Всего раз до этого Ирод шел на открытое и откровенное унижение — давным-давно, перед аравийским царем Аретой. Сейчас он должен был пойти на унижение опять. Но если тогда он делал это по собственному желанию, то теперь сделает вынужденно.
Антипатр еще некоторое время говорил с сыном. Но уже не убеждал, а подробно объяснял, что нужно делать и как. План его был таков: Ирод возвращается в Иерусалим, а он сам выходит навстречу приближающемуся к Дамаску Аристовулу. Александр прибывает в Дамаск, и Метелл Сципион бросает его в тюрьму. Если Антипатру удается убить Аристовула, то Сципион в свою очередь казнит Александра (Антипатр уже говорил об этом с прокуратором, и тот дал согласие). Если же Антипатра постигнет неудача и он будет захвачен или даже убит, то Ирод, лишь только получит такое известие, уйдет в Идумею, а затем, взяв мать, сестер и братьев, в Аравийское царство, отдавшись под защиту Ареты.
— Но почему, отец, я не могу убить Александра по дороге в Дамаск? — спросил Ирод.
— Потому что сына царя должен убить не идумей, а наместник Сирии.
«Я не идумей!» — хотелось крикнуть Ироду, но он сдержался.
Ирод возвращался в Иерусалим с тяжелым сердцем, поручение отца было ему не по душе. Он понимал, что план отца — единственное средство их спасения, а потому надо, смирив себя, исполнить его наилучшим образом. Необходимость унижаться сама по себе была неприятной, а тут еще приходилось делать это в доме Мариам — его, Ирода, звезды.

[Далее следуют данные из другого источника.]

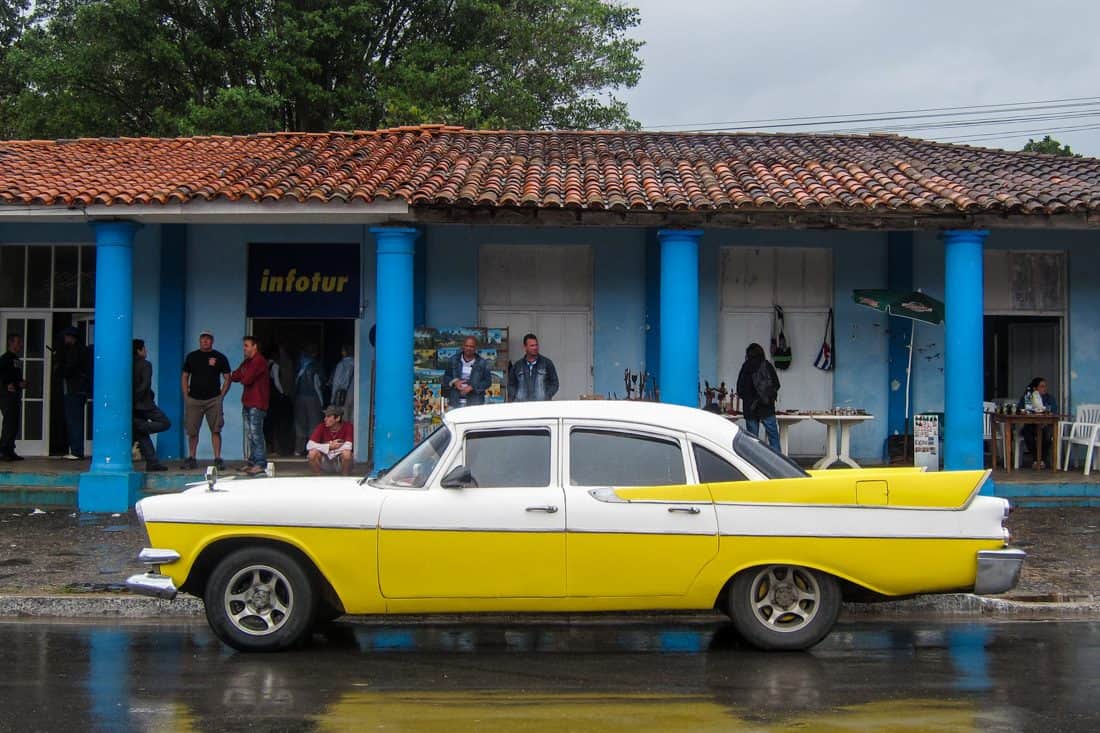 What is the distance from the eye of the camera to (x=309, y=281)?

Сразу после разговора с отцом он не пошел спать (отец настоял, чтобы сын отдохнул перед тяжелой дорогой хотя бы несколько часов), а вышел на улицу и, запрокинув голову, стал искать взглядом свою звезду. Время было перед самым рассветом, и небо уже заметно побледнело, так что звезду он нашел не яркой, как обычно, а лишь едва заметной. Он стоял и смотрел, пока она не слилась с небом. А когда слилась, медленно опустил голову и, закрыв глаза, прошептал:
— Мариам.
Тогда он не понял, что открыл имя своей звезды, но позже, уже в дороге, осознал это с особенной ясностью. Открытие и обрадовало его, и опечалило одновременно. Обрадовало, потому что теперь Мариам-звезда и его, Ирода, судьба были слиты воедино — его будущая счастливая судьба и прекрасная девушка, самая прекрасная на свете. А опечалило потому, что невольно получалось — земная хрупкая девушка является его судьбой. Хорошо, что прекрасная, но тревожно, что хрупкая, ведь человек в этом мире подвержен болезням, несчастьям и смерти. Болезни могут отобрать красоту, а несчастья — жизнь.